Ocean hair may look simple on the surface in some cases, but this trend goes beyond a one-color dye job. Most stylists are using various dyes, and even various brands, mixed together to achieve wild colors. Plenty of stylists are also using ombre techniques to achieve a multi-tone look, with colors ranging from black to deep grey to blues from all across the spectrum, to the occasional green.
Instagrammer cozmic.color, aka colorist Brittany Holland, told Allure that mixing shades helps stylists "create depth and movement that mimics the ocean." She explained that she and her client were inspired by the thought of a much-needed beach getaway from their desert town.
If you're thinking of snagging this look for yourself, either through DIY or a professional, Bustle spoke to stylist Meredith Morris for some must-read advice on how to protect this complicated dye job.
But first, check out some of these seriously inspiring takes on ocean hair from Instagram.

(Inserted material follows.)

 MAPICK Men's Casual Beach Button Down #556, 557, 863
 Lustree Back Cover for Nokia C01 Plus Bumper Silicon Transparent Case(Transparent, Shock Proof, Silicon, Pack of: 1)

saraihairwizard's take on ocean hair used Joico Color Intensity dyes, and blended a subtle silver shimmer that exactly mimics what it's like to look down at glimmering water on a hot day.
hairbykaseyoh's eye-catching neon take is a custom-mixed color, with three different shades blended together.
roguehairstudio's incredible jewel-tone version took multiple Pulp Riot shades to achieve, including Nirvana, Nightfall, Powder, and Mercury.
And last but not least, here's Holland's ombre ocean, also created with Pulp Riot dyes.
While these dye jobs look absolutely gorgeous when they're snapped for Instagram, maintaining those colors can take a bit of work, stylist Morris tells Bustle. "Most people don't realize that fashion hair colors like blue and pink are not actually hair color, they are more of a surface stain on the hair," she says. "They don't penetrate into the hair the way a demi, semi, or permanent hair color does. The color just sits on top of the hair."
Almost the moment a hair color like blue or pink is applied, fading begins, she explains. "There is actually not a single thing you can do to prevent the color from fading and fading fast, but here are some tips that will help keep the color as vibrant as possible until a reapplication is required."
Morris says it's vital that wearers don't style their hair with heat, that they wash their hair as infrequently as possible (and not with hot water), and when they do wash, to wash with something color-safe and sulfate-free. She recommends O&M Maintain the Mane.
And above all, "Don't blame your stylist if your blue hair fades," she says. "Keep in mind that these fashion colors don't develop and process the way natural colors do because the chemistry is different. Fashion colors are stains, so before taking the leap into making a radical hair change, understand the investment and the time required to maintain the look."
While the look will take some work to keep up, it's definitely worth it when you get to carry a slice of the sea with you to make these hot days more bearable.